__Problem to solve__
Could you restate word for word only the lines below from the one holding "Pre-owned Veronica Beard" to the one holding "Two -Tone Mug : 2024年卒業 ツートーンマグカップ (左)", inclusive, and leave out the pictures?

__Exercise materials__
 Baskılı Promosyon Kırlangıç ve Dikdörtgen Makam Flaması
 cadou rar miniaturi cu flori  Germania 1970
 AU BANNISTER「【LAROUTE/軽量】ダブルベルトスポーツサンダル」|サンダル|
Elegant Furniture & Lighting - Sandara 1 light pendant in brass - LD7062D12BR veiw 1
---
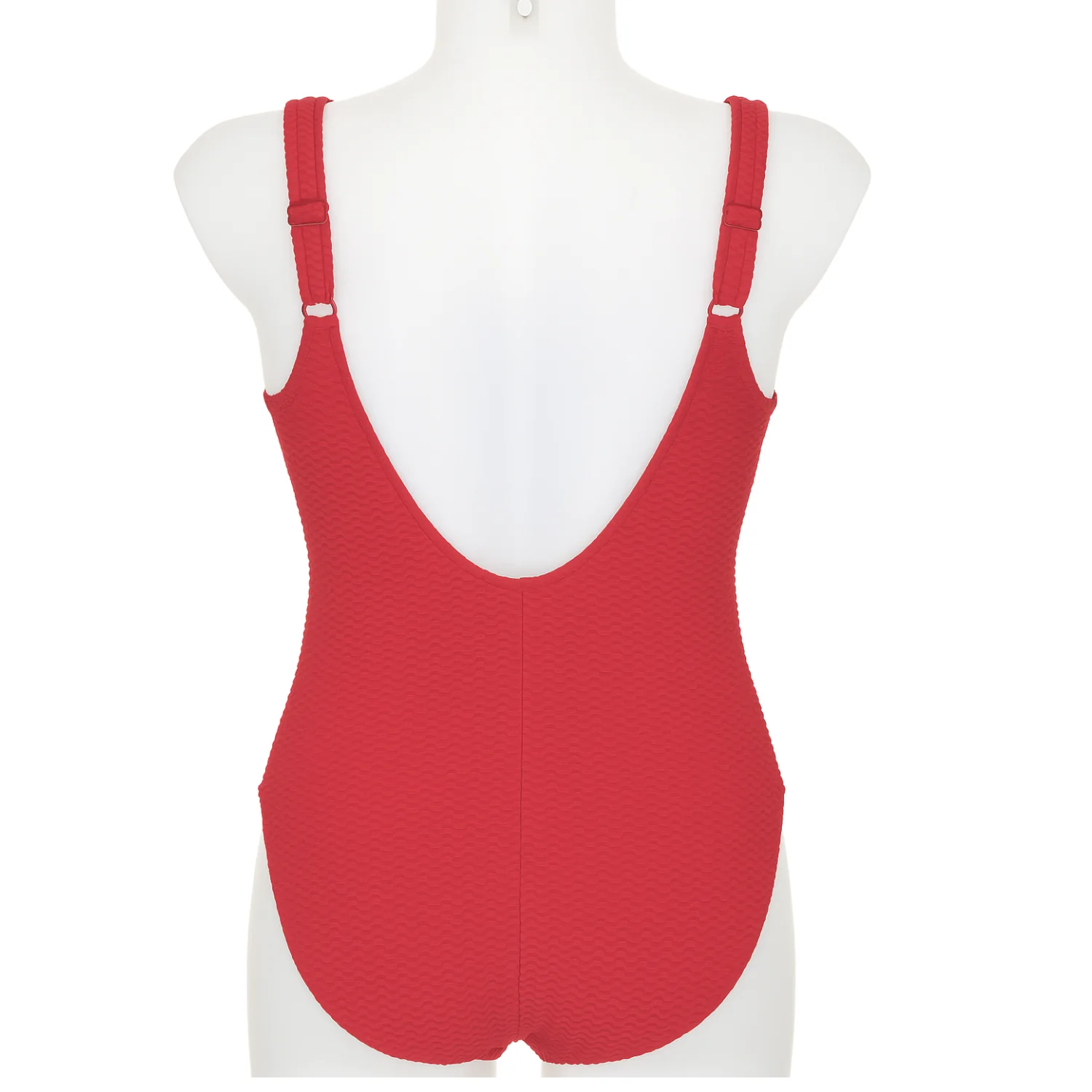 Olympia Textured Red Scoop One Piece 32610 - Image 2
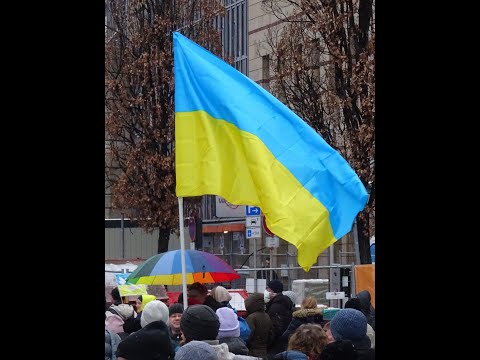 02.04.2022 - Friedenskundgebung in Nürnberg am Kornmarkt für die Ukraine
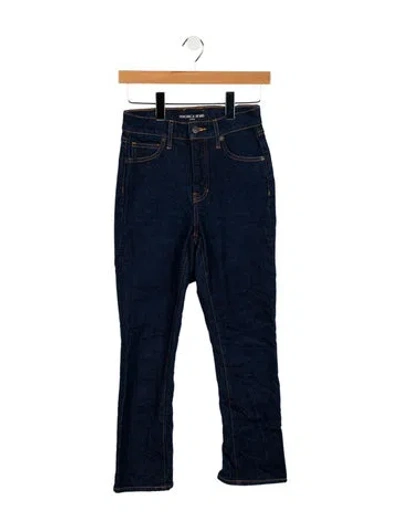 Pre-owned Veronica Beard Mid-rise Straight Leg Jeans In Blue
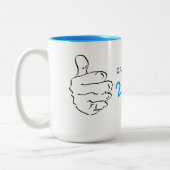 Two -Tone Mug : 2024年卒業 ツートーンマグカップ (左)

__Solution for this problem__
 Pre-owned Veronica Beard Mid-rise Straight Leg Jeans In Blue
 Two -Tone Mug : 2024年卒業 ツートーンマグカップ (左)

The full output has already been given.